### Activity
From the line that includes "Item preview, Kawaii" to the last line of the records that follow, copy every line exactly and nothing more, omitting pictures.

### Supplied material
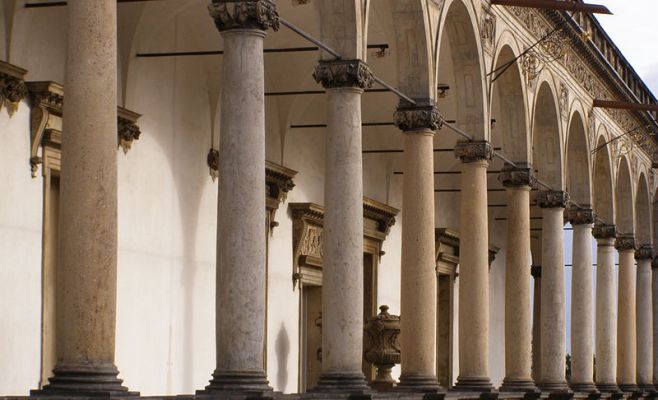 Фрагмент истории самого известного пражского замка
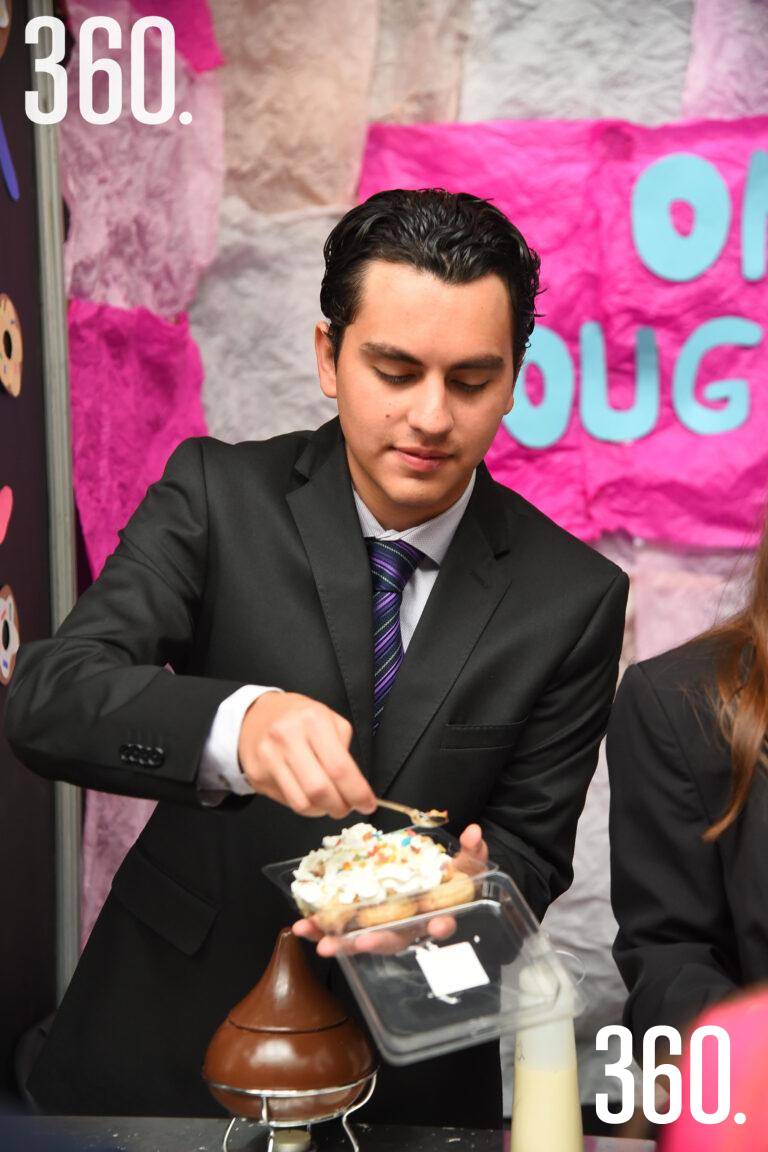 $!Los alumnos presentaron diversos proyectos.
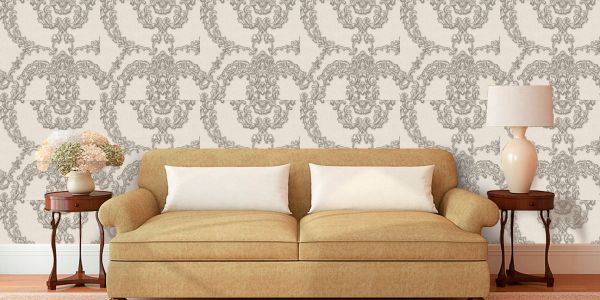 Виниловые обои AS-Creation Luxury Classics 34777-4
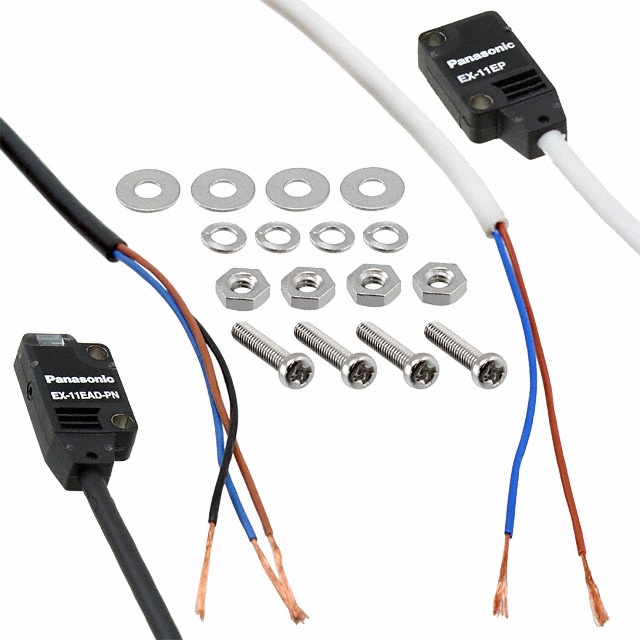 EX-11EA-PN Panasonic Industrial Automation Sales  Sensores ópticos - Fotoeléctricos Industriales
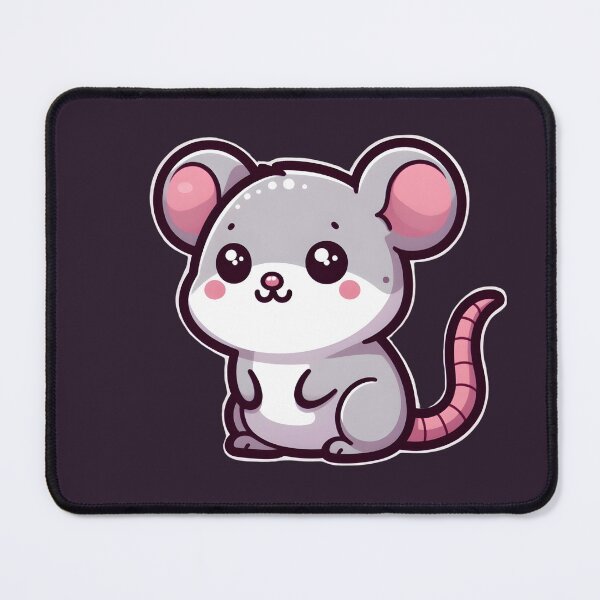 Item preview, Kawaii Mouse designed and sold by ArtistEmbrace.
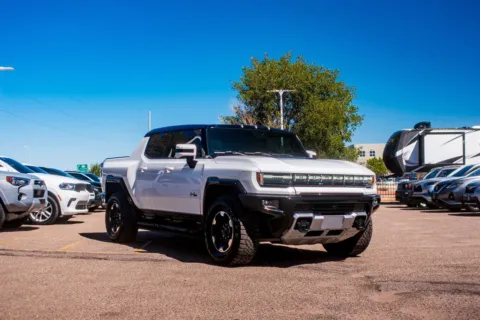 White 2022 GMC Hummer EV Edition 1 for sale in Albuquerque, NM
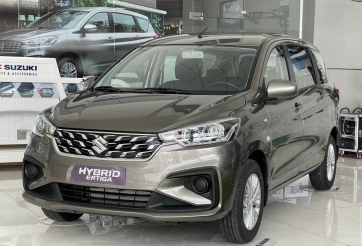 Đẩy hàng tồn, đối thủ của Mitsubishi Xpander giảm giá sâu kỷ lục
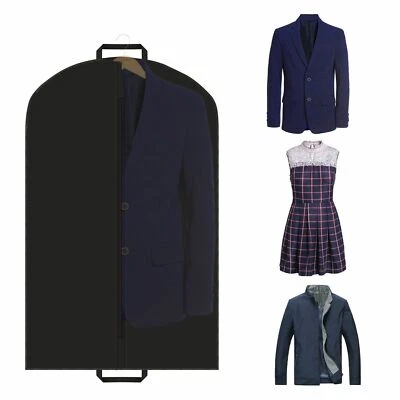 Bolsos de 40"" para ropa de traje transpirables de viaje con cremallera para hombre Foto 1 de 4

### Written reply
 Item preview, Kawaii Mouse designed and sold by ArtistEmbrace.
 White 2022 GMC Hummer EV Edition 1 for sale in Albuquerque, NM
 Đẩy hàng tồn, đối thủ của Mitsubishi Xpander giảm giá sâu kỷ lục
 Bolsos de 40"" para ropa de traje transpirables de viaje con cremallera para hombre Foto 1 de 4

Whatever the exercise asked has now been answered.